Failure to Provide Individualized Dementia Care and Behavioral Interventions
Penalty
Summary
The facility failed to ensure that three residents diagnosed with dementia received appropriate, individualized treatment and services to attain or maintain their highest practicable physical, mental, and psychosocial well-being. For these residents, care plans were not sufficiently personalized or updated to reflect their specific behavioral symptoms and needs. The facility's policies referenced behavior monitoring and social work responsibilities, but there was no policy provided regarding dementia care or the dementia care unit when requested. Staff education materials on dementia were general and did not translate into individualized interventions for the residents reviewed. One resident with a history of stroke, dementia, and depression exhibited repeated sexually inappropriate and aggressive behaviors toward other residents, including entering other residents' rooms, undressing, and making inappropriate physical contact. Despite multiple incidents documented in nursing notes and staff interviews, there was no evidence of follow-up from behavioral health or social services, nor were care plan interventions updated to address these behaviors.
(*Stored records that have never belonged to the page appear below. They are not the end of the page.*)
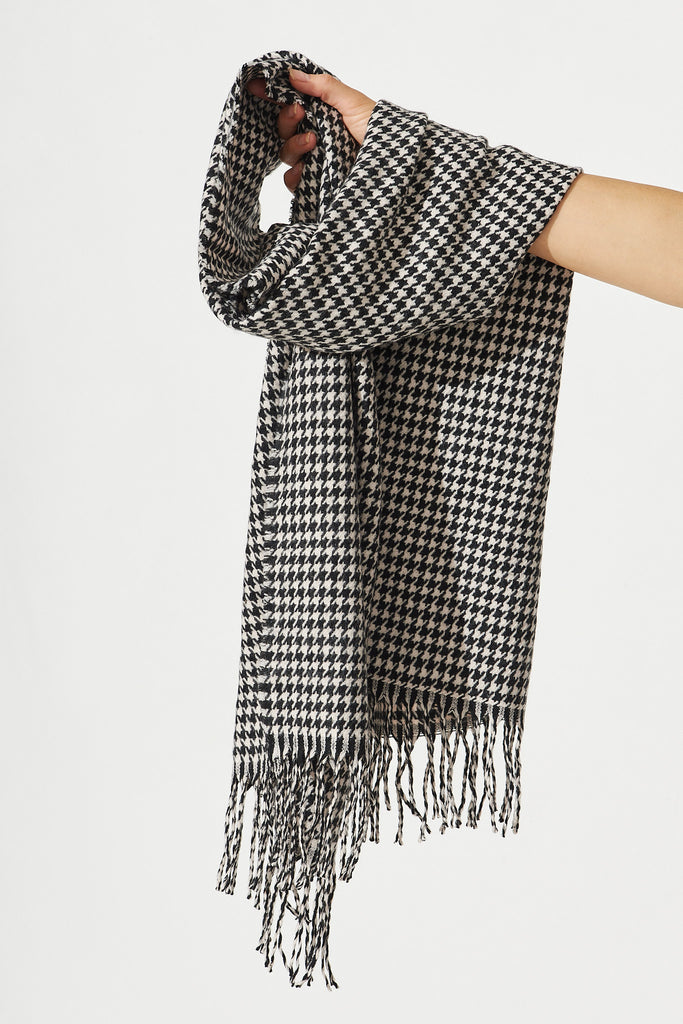 August + Delilah Brienne Scarf In Black With White Houndstooth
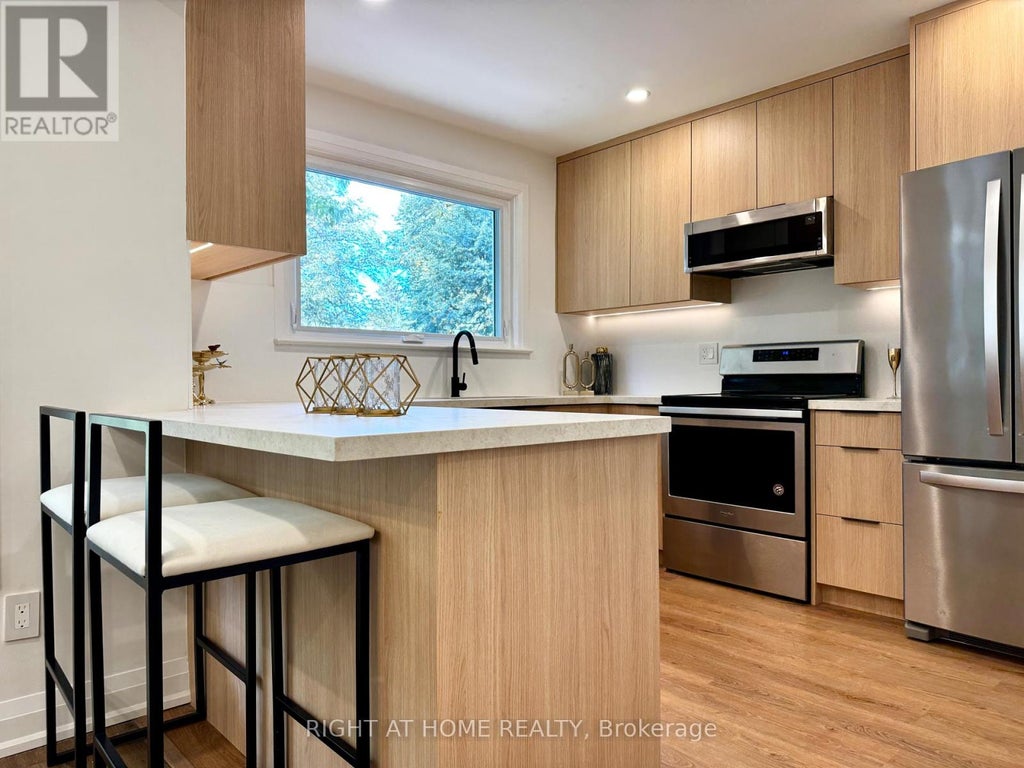 246 ZELDA CRESCENT, RICHMOND HILL (CROSBY), ON L4C 2Y5 - Image 1766285398.jpeg?d=l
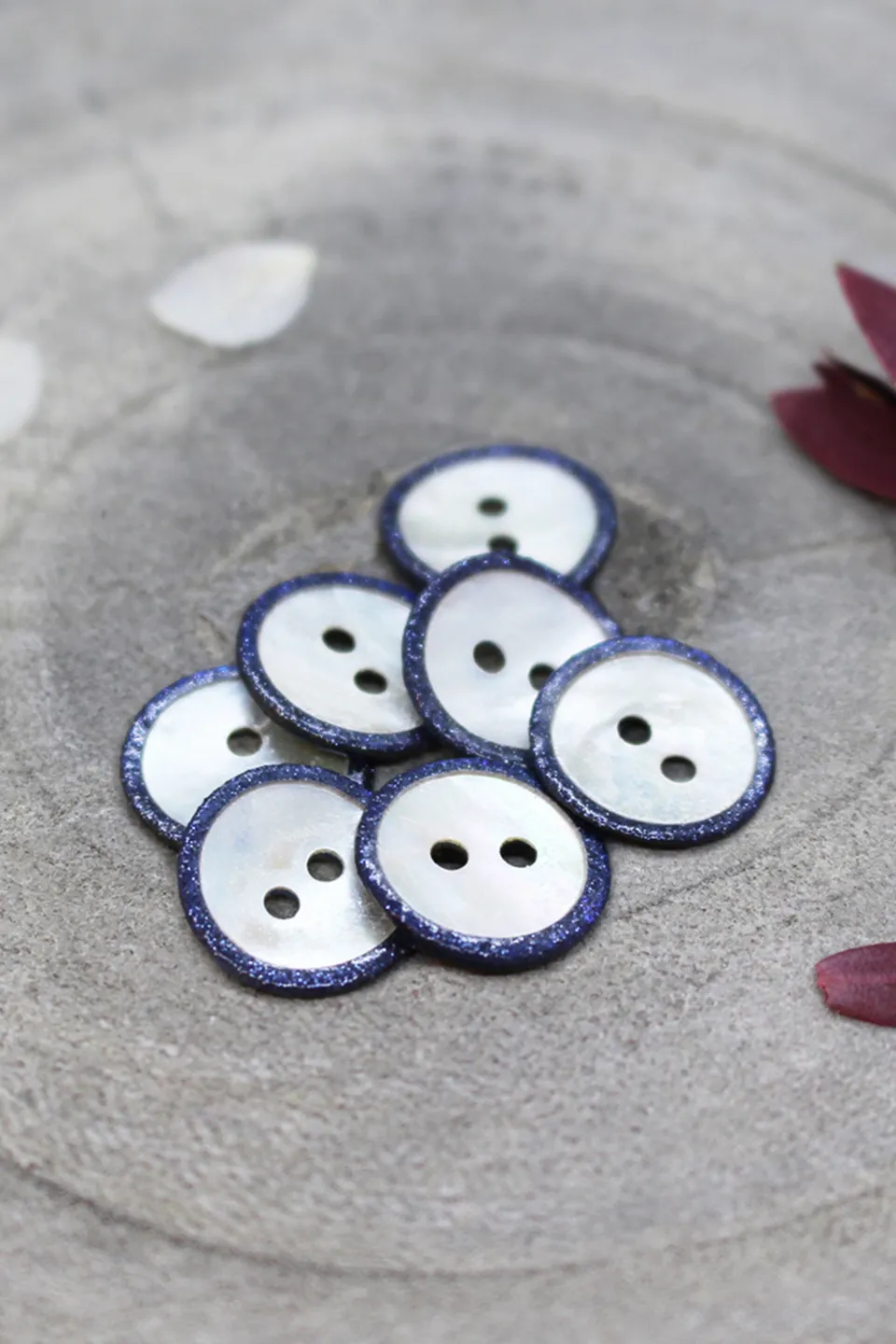 atelier-brunette-boutons-glitz-cobalt-x10-boutons-nacre-paillet-e image 1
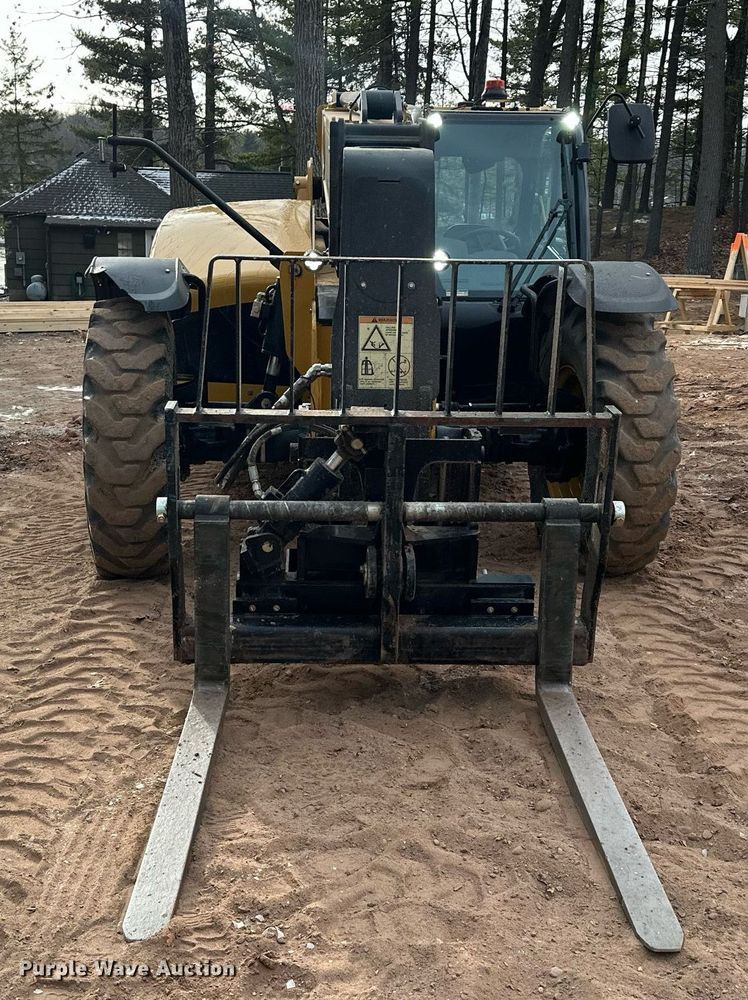 image for item LO9377 2019 Caterpillar TL642D  telehandler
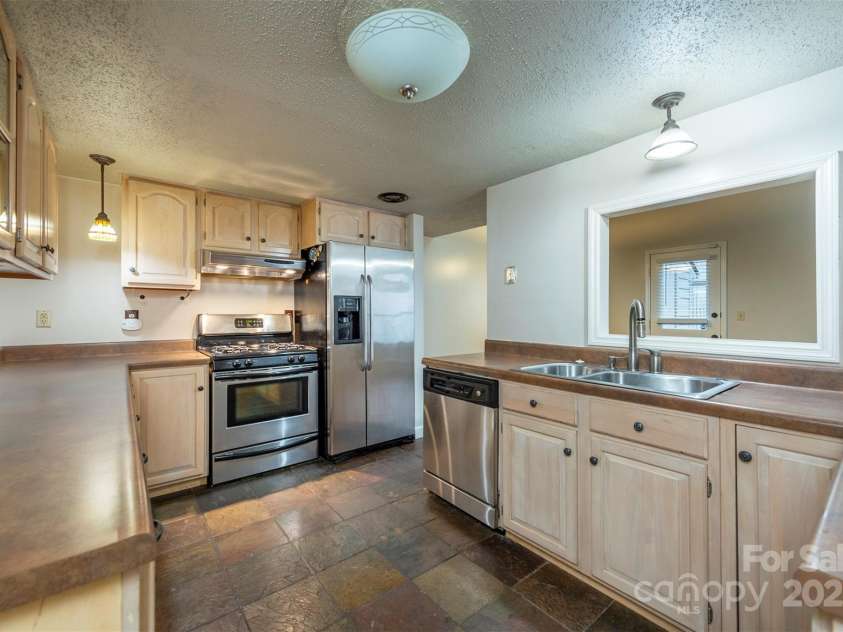 30 Sleepy Hollow Lane, Swannanoa, NC 28778.  MLS# CAR4239666, YatesRealty ID 24058.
Staff reported that interventions such as alarm mats were ineffective, and the resident was able to bypass or disable them. The care plan contained generic interventions and lacked specific, personalized strategies to address the resident's behavioral symptoms and memory impairment. Another resident with early-onset Alzheimer's disease and a history of agitation and psychotic disorder displayed frequent verbal and physical aggression, wandering, and inappropriate behaviors, including threats toward others. Nursing notes documented multiple behavioral incidents, but care plan updates and social work follow-up were lacking or delayed. Staff interviews indicated that interventions were not consistently effective or individualized, and documentation of non-pharmacological interventions was insufficient. A third resident with dementia and depression exhibited yelling out and agitation, but care plans and interventions were not personalized, and there was no documented social work reassessment following behavioral episodes. Across all three cases, the lack of timely, individualized care planning and follow-up contributed to the deficiency.